Economics

No Backstop, No Immediate Answers for Sovereign Debt Woes

Editor's Note: On Monday, Paul Jackson, the publisher of HousingWire, postulated the market sentiment that we are all in this mess togetherTwo days ago, in one of his rare appearances in front of the press, Bank of England Governor Mervyn King spoke frankly to reporters over the results of his Quarterly Inflation Report.

King's observations, in many ways, provide a timely parallel to Jackson's remarks. The following excerpts are from that conference, largely overlooked by the American press, where King lays it out cold for us. Here's why they don't let him out too often:

As you know international conversations proceed very slowly – too slowly usually.

In 2008 there was an exception.

I think the mood and manner of the G7 meetings at the IMF in October 2008 was very different, and that people did come together and recognize that, unless they worked together, we would all be facing an extraordinarily serious position.

That's pretty well documented in [former US Treasury Secretary] Hank Paulson's memoirs of the period.

But I think what I heard on the telephone conversations that I was part of at the weekend, it was slightly reminiscent of that: a recognition that the problems are far too serious for countries not to work together.

After all, dealing with a banking crisis was difficult enough, but at least there were public sector balance sheets onto which the problems could be moved.

Once you move into the sphere of concerns about sovereign debt, there is no answer; there's no backstop.

And it is very important therefore that we hit these problems on the head now, put in place credible solutions to prevent the problems becoming worse.

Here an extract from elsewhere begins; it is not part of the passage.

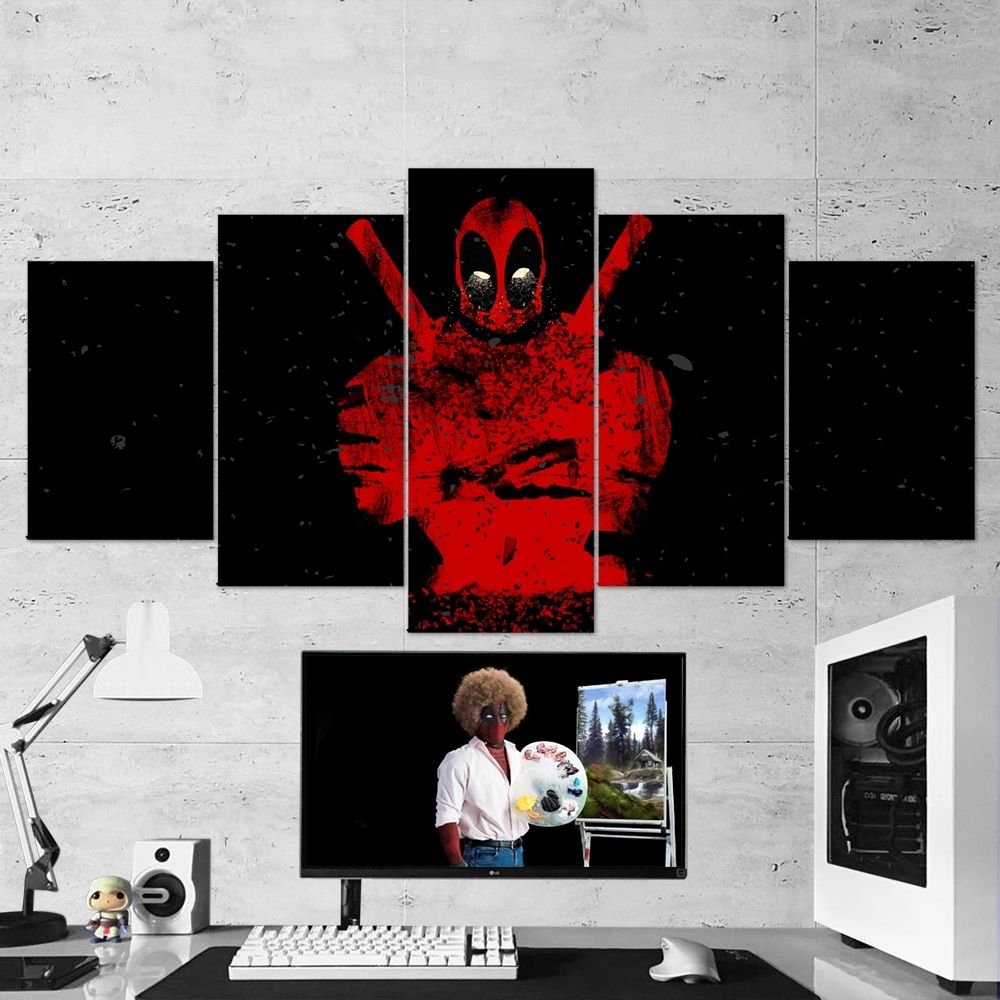 Deadpool 02 – 5 Piece Canvas Wall Art Gaming Canvas – Game Wall Art With Regard To Current Five Piece Canvas Wall Art (View 11 of 20)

And I detected at the weekend, in the conversations that I spent hours listening to on the telephone, that this sense of the need to work together was there again.

Now that's not the same as coming up with measures – individual countries have to produce fiscal measures. Spain has announced this morning some further fiscal measures.

I think you will see in the next few weeks determined action by governments to try to deal with this problem.

I think at the weekend the Americans, and indeed the IMF, played a very constructive role in bringing countries together to put in place the measures that were necessary. But it's a much harder set of issues now.

It's to do with individual fiscal consolidation, and it's also to do with the need to try to work together through the IMF and G20 in our process.

That's been the framework that's been agreed in principle, to ensure that countries that do have the ability to expand domestic demand are encouraged to do so, to enable those countries that need to regain competitiveness to have the opportunity to increase their exports to those countries that previously had large current account surpluses, so that we can rebalance demand in the world economy.

And that will be, I think, the big question for the international agenda over the rest of this year.

But let's be clear: this is an issue not just for the United Kingdom.

Every country around the world is in a similar position, even the United States; the world's largest economy has a very large fiscal deficit. And one of the concerns in financial markets is clearly – how will this enormous stock of public debt be reduced over the next few years?

And it's very important that governments, both here and elsewhere, get to grips with this problem, have a very clear and credible approach to reducing the size of those deficits over, in our case, the lifetime of this parliament, in order to convince markets that they should be willing to continue to finance the very large sums of money that will be needed to be raised from financial markets over the next few years, at reasonable interest rates.